15 Jun Underhill Remembers – The Inuvialuit Final Agreement (IFA) Survey
Our first historical survey feature for National Indigenous History Month is “The Western Arctic Claim – The Inuvialuit Final Agreement” Survey. The land claim is also referred to as the COPE (Committee for Original Peoples’ Entitlement) Claim. In 1984, it represented the first northern comprehensive land claim agreement between the Federal Government, the Government of the Northwest Territories, and the Inuvialuit and was only the second in Canada at the time. The Inuvialuit are the Western Canadian Inuit.
Chris Cryderman remembers; “The camp pictured was the Horton River camp. It was situated on a hill above “Underhill” Lake (we called it that because it was “U”-shaped). The crew who were set up here were, William Robinson, Carl Friesen, myself, and pilot Steve Jaksie of Sunrise Helicopters in Inuvik. The two tent trailers had been modified by Sunrise to be slung there by helicopter. The pilot had to go light on fuel load, and strip down, just to get one off the ground. The canvas work tent (dubbed the “Underhilton”) was brought in by a Twin Otter on floats, along with plywood, 2×4’s, fuel, and other camp supplies. Fortunately the grizzlies stayed away from camp. It was warm during the day but so cold at night that I used to sleep with just my nose sticking out of my mummy bag. ”
Initially, there was little involvement in the surveying process from the Inuvialuit people; lessons had not been learned at this time.
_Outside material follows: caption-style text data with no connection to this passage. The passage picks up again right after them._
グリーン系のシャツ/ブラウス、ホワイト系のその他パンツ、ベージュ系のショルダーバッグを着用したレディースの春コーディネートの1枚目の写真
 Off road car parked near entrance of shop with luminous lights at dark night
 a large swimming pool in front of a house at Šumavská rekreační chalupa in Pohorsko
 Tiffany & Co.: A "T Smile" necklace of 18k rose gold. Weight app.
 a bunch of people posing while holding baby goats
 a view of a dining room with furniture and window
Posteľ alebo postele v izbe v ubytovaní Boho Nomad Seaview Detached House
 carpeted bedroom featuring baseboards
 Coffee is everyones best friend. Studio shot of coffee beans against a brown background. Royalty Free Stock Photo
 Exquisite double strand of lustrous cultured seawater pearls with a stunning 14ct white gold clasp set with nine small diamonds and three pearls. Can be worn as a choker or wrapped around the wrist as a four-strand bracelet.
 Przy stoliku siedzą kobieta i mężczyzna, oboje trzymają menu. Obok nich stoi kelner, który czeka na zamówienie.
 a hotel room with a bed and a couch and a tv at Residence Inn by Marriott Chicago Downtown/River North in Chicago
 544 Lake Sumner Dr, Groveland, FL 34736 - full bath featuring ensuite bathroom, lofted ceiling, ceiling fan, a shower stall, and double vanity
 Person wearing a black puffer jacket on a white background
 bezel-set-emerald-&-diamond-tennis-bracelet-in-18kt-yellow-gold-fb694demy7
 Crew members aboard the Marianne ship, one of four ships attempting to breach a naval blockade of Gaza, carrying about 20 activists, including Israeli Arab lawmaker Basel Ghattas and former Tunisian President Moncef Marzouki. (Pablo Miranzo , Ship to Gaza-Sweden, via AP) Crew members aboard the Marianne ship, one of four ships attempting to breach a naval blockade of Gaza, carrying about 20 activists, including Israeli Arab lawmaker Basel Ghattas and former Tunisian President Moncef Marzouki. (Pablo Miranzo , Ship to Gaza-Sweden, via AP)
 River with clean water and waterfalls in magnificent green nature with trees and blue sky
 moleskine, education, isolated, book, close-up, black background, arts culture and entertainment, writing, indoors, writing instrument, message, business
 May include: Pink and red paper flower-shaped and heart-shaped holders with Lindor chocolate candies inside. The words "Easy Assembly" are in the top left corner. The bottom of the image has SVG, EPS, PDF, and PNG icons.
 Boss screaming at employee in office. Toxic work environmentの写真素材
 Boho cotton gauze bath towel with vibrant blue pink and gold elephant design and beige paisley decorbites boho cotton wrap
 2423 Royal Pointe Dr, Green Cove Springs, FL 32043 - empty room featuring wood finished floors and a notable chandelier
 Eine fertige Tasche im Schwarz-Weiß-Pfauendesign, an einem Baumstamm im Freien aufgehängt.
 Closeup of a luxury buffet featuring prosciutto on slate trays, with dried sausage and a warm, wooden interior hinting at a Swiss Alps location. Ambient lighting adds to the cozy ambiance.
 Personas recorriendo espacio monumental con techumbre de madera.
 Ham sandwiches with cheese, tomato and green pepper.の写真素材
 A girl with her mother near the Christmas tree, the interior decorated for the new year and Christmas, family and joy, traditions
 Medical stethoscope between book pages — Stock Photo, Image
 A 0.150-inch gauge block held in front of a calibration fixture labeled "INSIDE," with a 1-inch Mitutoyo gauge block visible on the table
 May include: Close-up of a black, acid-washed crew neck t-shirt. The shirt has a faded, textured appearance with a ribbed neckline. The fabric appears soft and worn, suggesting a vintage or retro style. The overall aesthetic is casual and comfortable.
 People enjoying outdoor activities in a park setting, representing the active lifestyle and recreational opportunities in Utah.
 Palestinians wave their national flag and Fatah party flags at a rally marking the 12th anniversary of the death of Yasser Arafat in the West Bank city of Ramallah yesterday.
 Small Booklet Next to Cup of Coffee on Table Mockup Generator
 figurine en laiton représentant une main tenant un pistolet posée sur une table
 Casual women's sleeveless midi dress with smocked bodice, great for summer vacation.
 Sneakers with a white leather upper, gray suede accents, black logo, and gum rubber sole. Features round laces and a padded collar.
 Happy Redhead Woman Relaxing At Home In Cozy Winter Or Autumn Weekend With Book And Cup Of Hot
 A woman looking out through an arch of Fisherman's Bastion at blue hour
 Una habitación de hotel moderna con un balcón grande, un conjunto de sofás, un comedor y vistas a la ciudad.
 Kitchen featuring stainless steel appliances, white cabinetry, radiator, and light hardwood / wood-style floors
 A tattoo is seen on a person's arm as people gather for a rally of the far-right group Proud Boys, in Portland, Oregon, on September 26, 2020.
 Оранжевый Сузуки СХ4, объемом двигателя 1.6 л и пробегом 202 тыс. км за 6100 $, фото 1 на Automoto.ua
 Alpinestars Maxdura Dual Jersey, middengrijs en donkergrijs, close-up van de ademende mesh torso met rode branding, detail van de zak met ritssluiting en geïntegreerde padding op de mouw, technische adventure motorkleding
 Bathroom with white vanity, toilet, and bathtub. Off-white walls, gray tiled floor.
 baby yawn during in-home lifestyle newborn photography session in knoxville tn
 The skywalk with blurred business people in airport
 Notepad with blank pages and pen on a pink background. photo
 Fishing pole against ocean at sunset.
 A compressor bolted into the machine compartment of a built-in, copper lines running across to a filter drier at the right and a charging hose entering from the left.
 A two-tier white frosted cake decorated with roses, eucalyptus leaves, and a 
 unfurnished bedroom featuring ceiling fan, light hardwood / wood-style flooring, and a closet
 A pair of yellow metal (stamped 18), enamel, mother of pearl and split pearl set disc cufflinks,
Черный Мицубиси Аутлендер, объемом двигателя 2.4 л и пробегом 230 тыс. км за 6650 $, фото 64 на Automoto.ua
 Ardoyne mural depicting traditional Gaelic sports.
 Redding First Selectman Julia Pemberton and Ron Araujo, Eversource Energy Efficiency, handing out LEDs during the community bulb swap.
The lack of participation was definitely an issue with the Indigenous people and that was heard. For future projects Natural Resources Canada demanded more participation from local people and businesses through the proposal process. As time passed and more contracts were let, local Indigenous involvement grew significantly providing the majority of the work done including surveying, guiding, helicopter support and maintenance, vehicle supply, hotel, food, camps, cooks, etc. As well it became a wonderful experience for some of our staff to work with, train and learn about the land and more about the Indigenous peoples themselves and their cultures.